With the large advancement in the performance and power efficiency of the small cores, Intel has been looking into integrating the two types of cores in a single chip in order to offer the best single-thread performance when desired while enabling greater power-efficiency when higher throughput is needed such as in background or heavily multi-threaded tasks. But while the hardware has been possible for some time, allowing for smooth thread migration in real-time based on the current execution lagged behind considerably in software support.

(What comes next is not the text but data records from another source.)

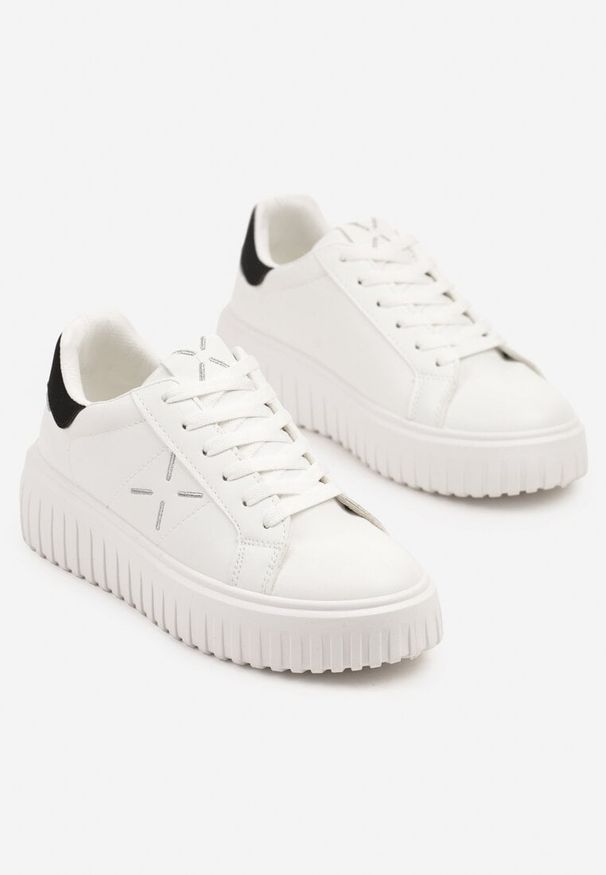 Renee - Biało-Czarne Sneakersy na Platformie z Tłoczeniem i Brokatową Wstawką Nuselin. Okazja: na co dzień. Kolor: biały. Materiał: jeans, skóra. Obcas: na platformie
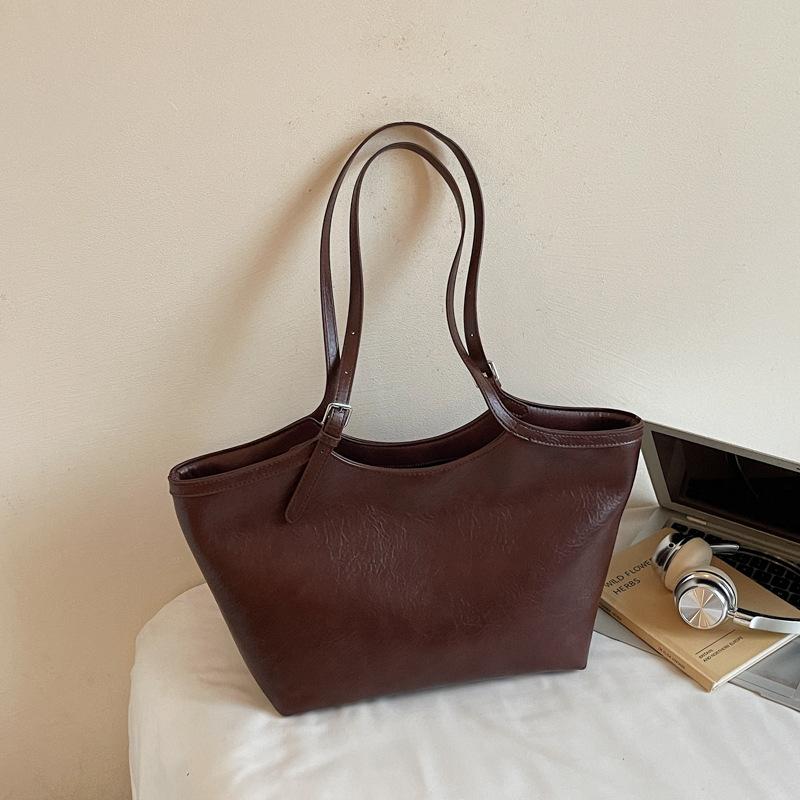 Ретро сумка женская большой вместимости 2025 новая осень и зима универсальная простая наплечная сумка текстурная сумка-тоут для поездок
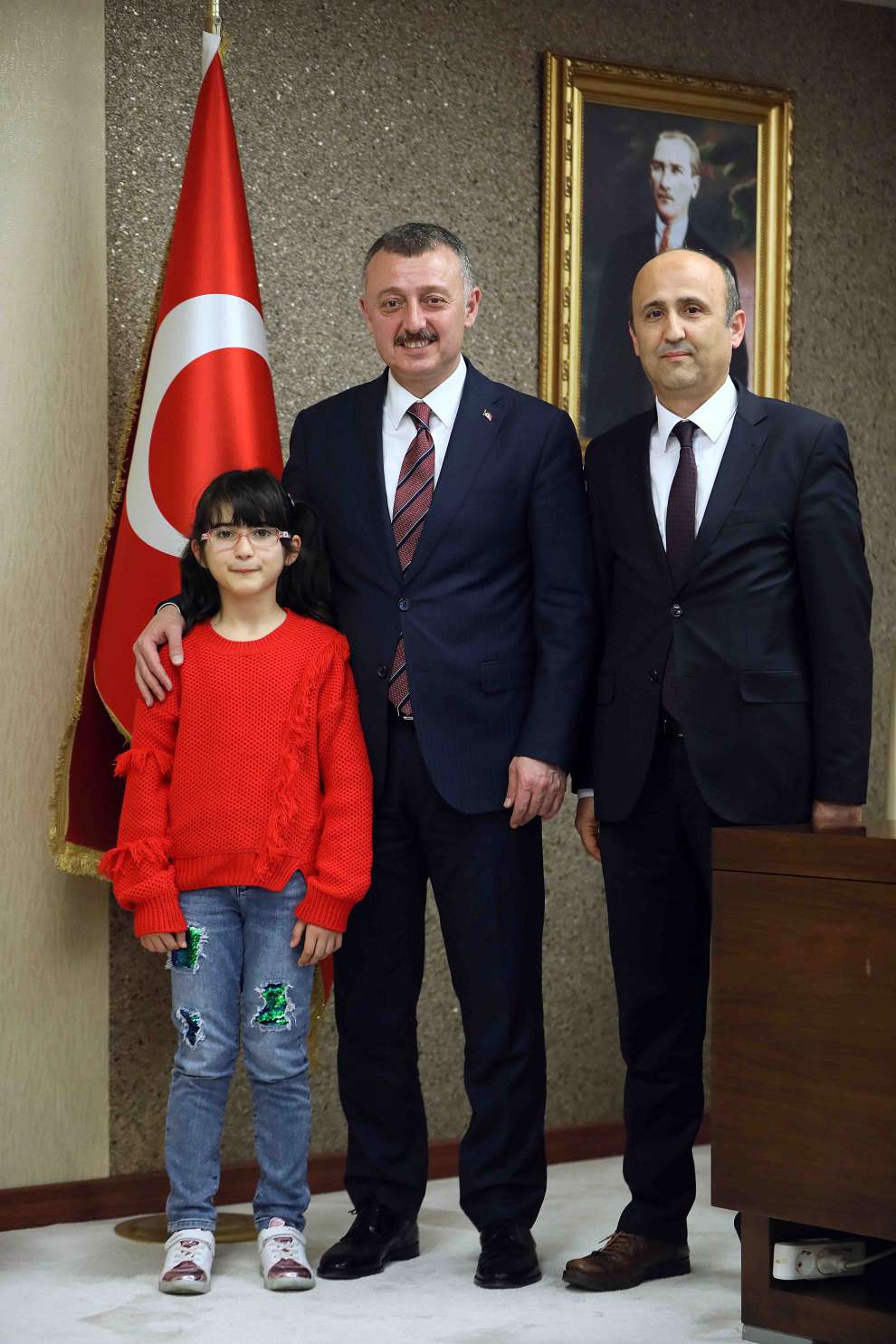 Başkan Büyükakın, Minik Hatice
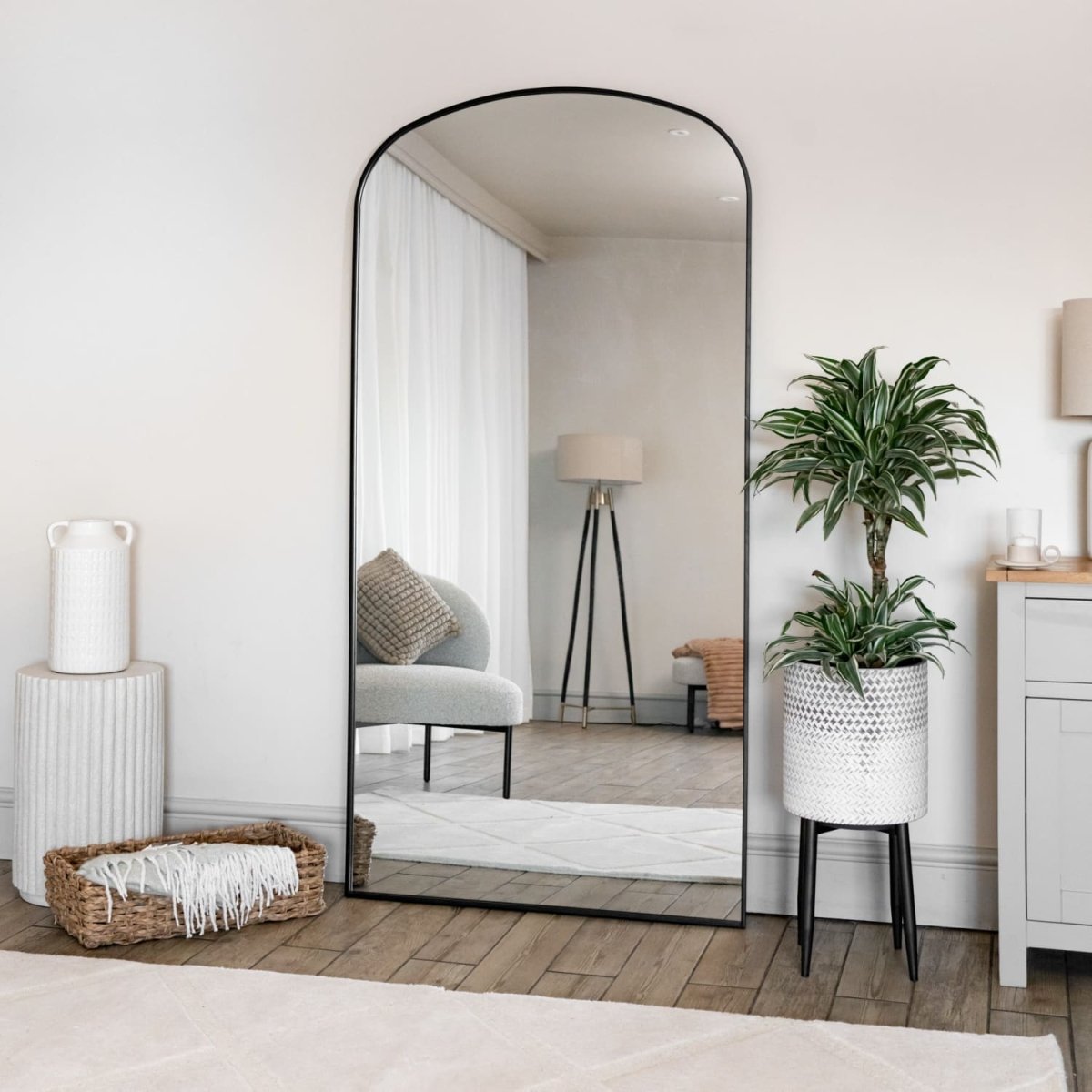 Yoko - Full Length Black Metal Gentle Arch Mirror - 180cm x 90cm - Zestio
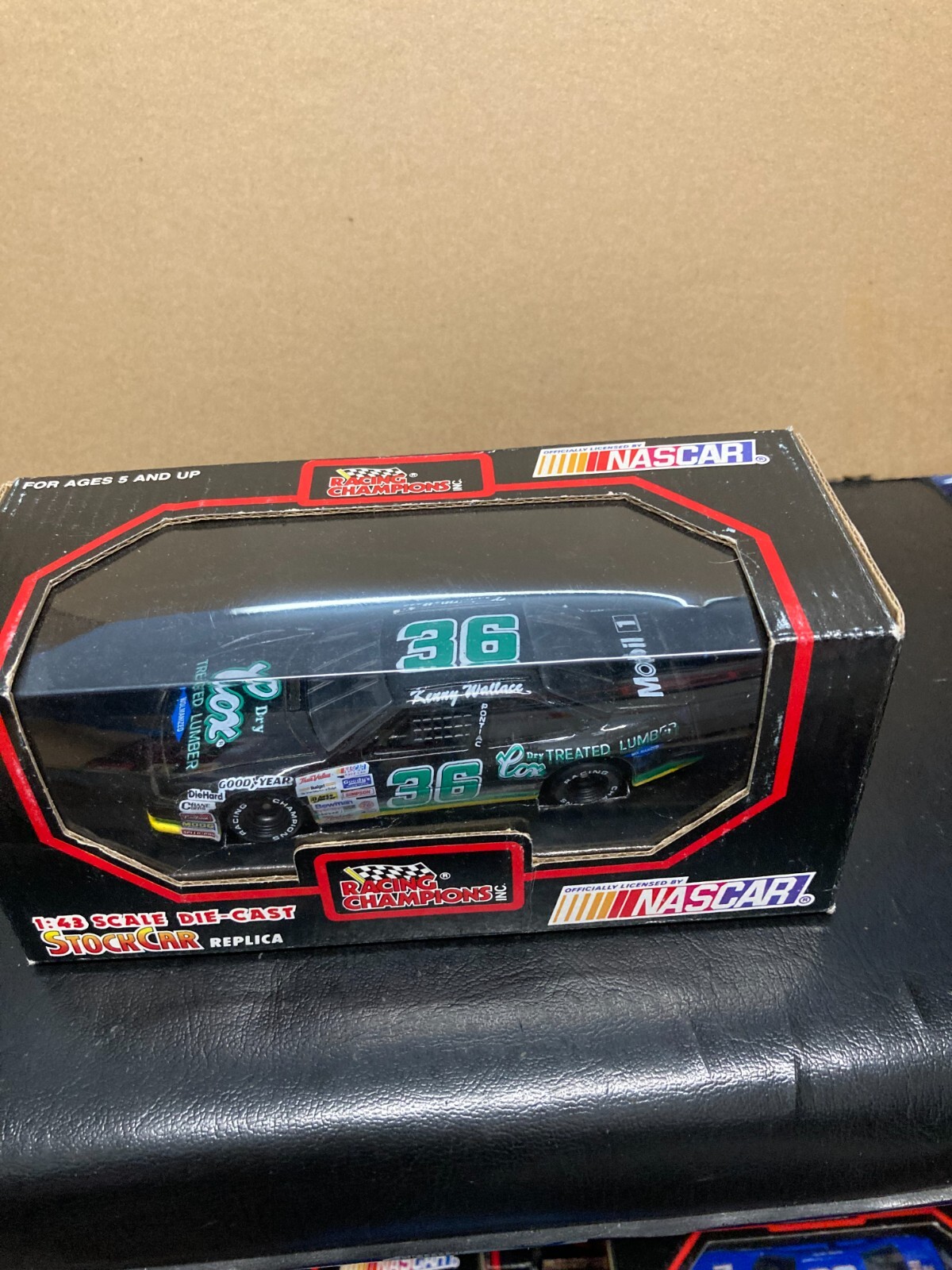Picture 3 of 4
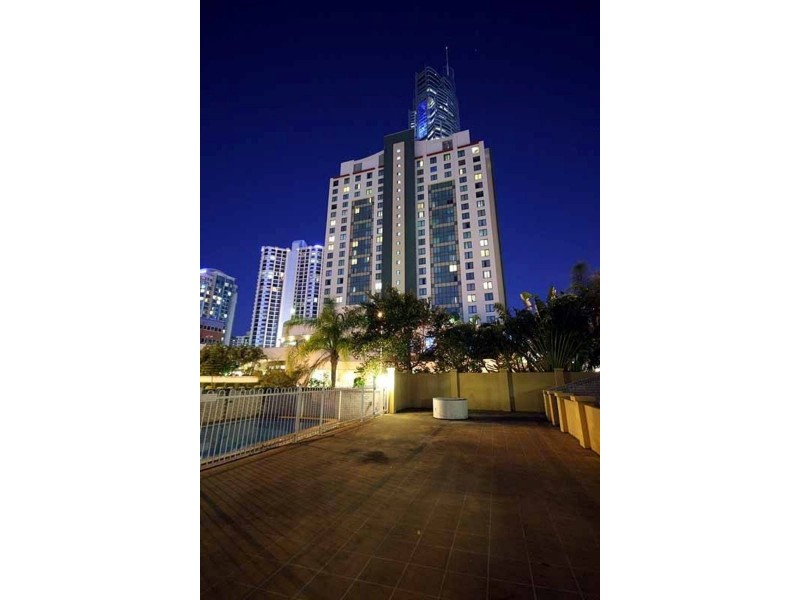 3/34 Remembrance Drive, Surfers Paradise QLD 4217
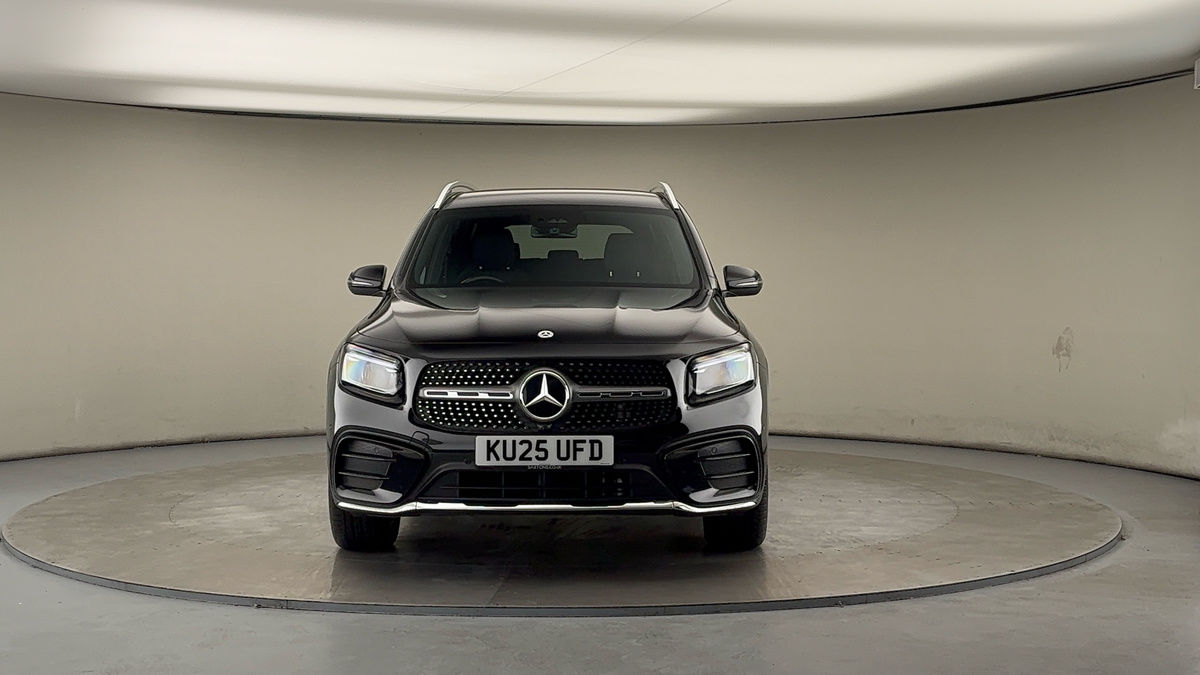 Mercedes-Benz GLB Image 3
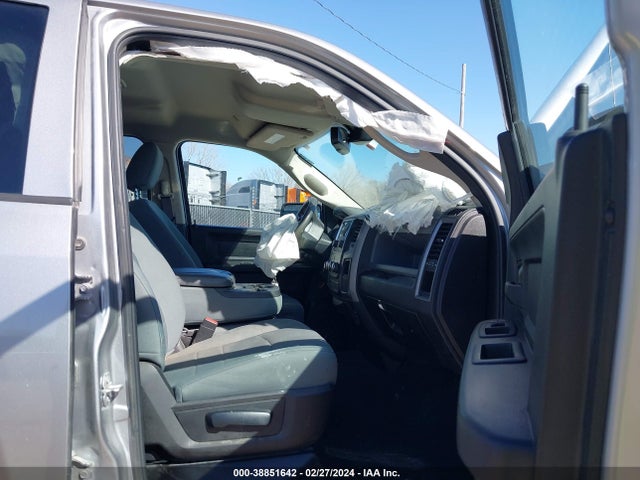 1C6RR7FG6KS736370 RAM 1500 Classic Tradesman Quad Cab 4x4 6'4 Box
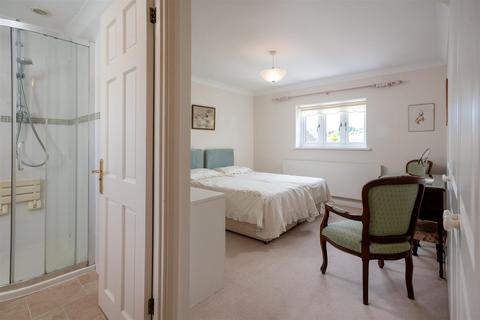 2, Rolling Stones Back Ends, Chipping Campden, GL55 6AU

This article is part of a series of articles covering Intel’s 2021 Architecture Day:
- Intel’s Gracemont Small Core Eclipses Last-Gen Big Core Performance
- Intel Details Golden Cove For Next-Generation Client and Server CPUs
- Intel Unveils Alder Lake: Next-Generation Mainstream Heterogeneous Multi-Core SoC
- Intel Unveils Sapphire Rapids: Next-Generation Server CPUs
- Intel Introduces Thread Director For Heterogeneous Multi-Core Workload Scheduling
- Intel’s Mount Evans: Intel’s First ASIC DPU
- Intel Unveils Xe HPG – Discrete Graphics For Gamers
- Intel Unveils Xe HPC And Ponte Vecchio
Today at Intel 2021 Architecture day, the company unveiled the Intel Thread Director technology. This technology provides the operating system with visibility into the intimate behavior of the running workload sampled from the hardware performance monitoring telemetry itself. This allows assisting the operating system with the optimal runtime scheduling. In a way, the Thread Director adds many new dimensions to how the OS determines where to schedule a thread. For example, instead of just choosing a core based on background or foreground task, the OS can now receive hints from the hardware indicating that a certain workload should be assigned to a more performant core. Alternatively, Thread Director can also provide the OS with hints on threads that are running on a performance core that could be migrated over to an efficient core without hurting performance. It’s worth pointing out that core assignment is done based on the current context so a thread that changes behavior (e.g. spin waiting on some event) may be swapped out of the performance core and placed on an efficient core until it needs to do more real work.
Intel says that it has worked closely with Microsoft to enable this feature on the upcoming Windows 11 release.
Intel demonstrated the technology running on Windows 11 on the Alder Lake SoC.
In the demonstration below running a typical media/content-creation software, the dark green boxes represent threads executing mostly scalar instructions while the dark blue represents threads executing mostly vector instructions. Both of those threads are being prioritized to the performance cores. Light blue boxes represent background tasks. Those threads are being prioritized on the efficiency cores.
In the demo below, a fully multi-threaded synthetic workload is shown. In this situation, all threads will be distributed across all the available cores.